[Supplied material Boundary: Start]
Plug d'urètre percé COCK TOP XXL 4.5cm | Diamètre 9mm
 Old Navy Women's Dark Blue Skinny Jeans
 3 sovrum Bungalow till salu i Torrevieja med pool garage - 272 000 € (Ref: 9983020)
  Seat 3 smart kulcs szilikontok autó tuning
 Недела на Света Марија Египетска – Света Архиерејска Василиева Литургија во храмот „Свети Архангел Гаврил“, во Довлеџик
[Supplied material Boundary: End]
_Problem_: Output exactly the lines above, from the one holding "Seat 3 smart kulcs szilikontok autó tuning" through the end of the data, including the first and last.

_Response_:
  Seat 3 smart kulcs szilikontok autó tuning
 Недела на Света Марија Египетска – Света Архиерејска Василиева Литургија во храмот „Свети Архангел Гаврил“, во Довлеџик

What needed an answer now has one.